Paper fills aren't realistic. Paper fills on Alpaca are instantaneous and slippage-free, which is not how real markets work. We apply a modeled slippage cost even in paper mode so the cost-adjusted P&L doesn't lie when you eventually flip to live.
LLM outputs are non-deterministic. A hostile news headline could in principle influence a signal.
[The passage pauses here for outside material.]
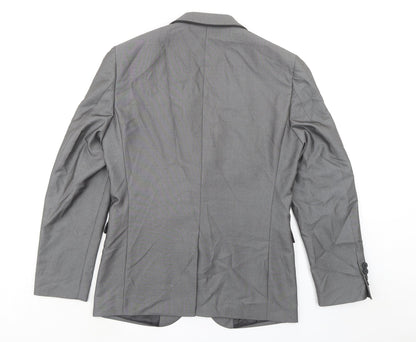 Mens UK Size 38 NEXT Regular Grey Suit Jacket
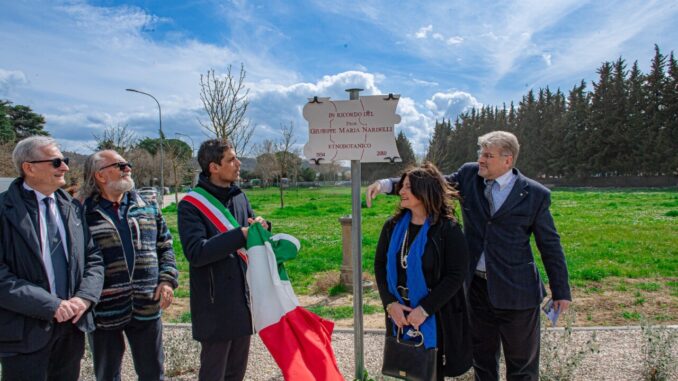 A Ponte San Giovanni a la sua "Oasi dei profumi e del respiro".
We enforce a ticker whitelist (Config.TICKER_WHITELIST) at the order layer — the LLM cannot place orders in tickers outside that list regardless of what the signal says.
Nothing here is financial advice. The strategy is a demo. Backtest on historical data (see pnl_report) before trusting it with capital.

Helpers & Config¶

_{kind python}

# @name Helpers & Config
# Module cell — pure defs + literal constants. Downstream cells import
# Config, the DuckDB/Alpaca factories, and the cost estimators by name.
#
# Keeping ALL connection and policy knobs in one place is deliberate:
# flipping paper→live, widening the watchlist, or tightening risk is a
# single-cell edit. The DB schema also lives here so every downstream
# cell can assume the tables exist after this cell runs once.
import datetime as dt
import json
import os
from decimal import Decimal
from pathlib import Path


class Config:
    # --- Mode gate -----------------------------------------------------
    # Set MODE="live" AND I_UNDERSTAND_THIS_IS_REAL_MONEY=True to place
    # real orders. place_orders refuses to trade live without both.
    MODE = "paper"
    I_UNDERSTAND_THIS_IS_REAL_MONEY = False

    # --- Universe ------------------------------------------------------
    # Hard whitelist. place_orders drops any proposed trade whose ticker
    # is not in this list, regardless of what a signal claims.
    TICKER_WHITELIST = ("AAPL", "MSFT", "NVDA", "GOOGL", "AMZN")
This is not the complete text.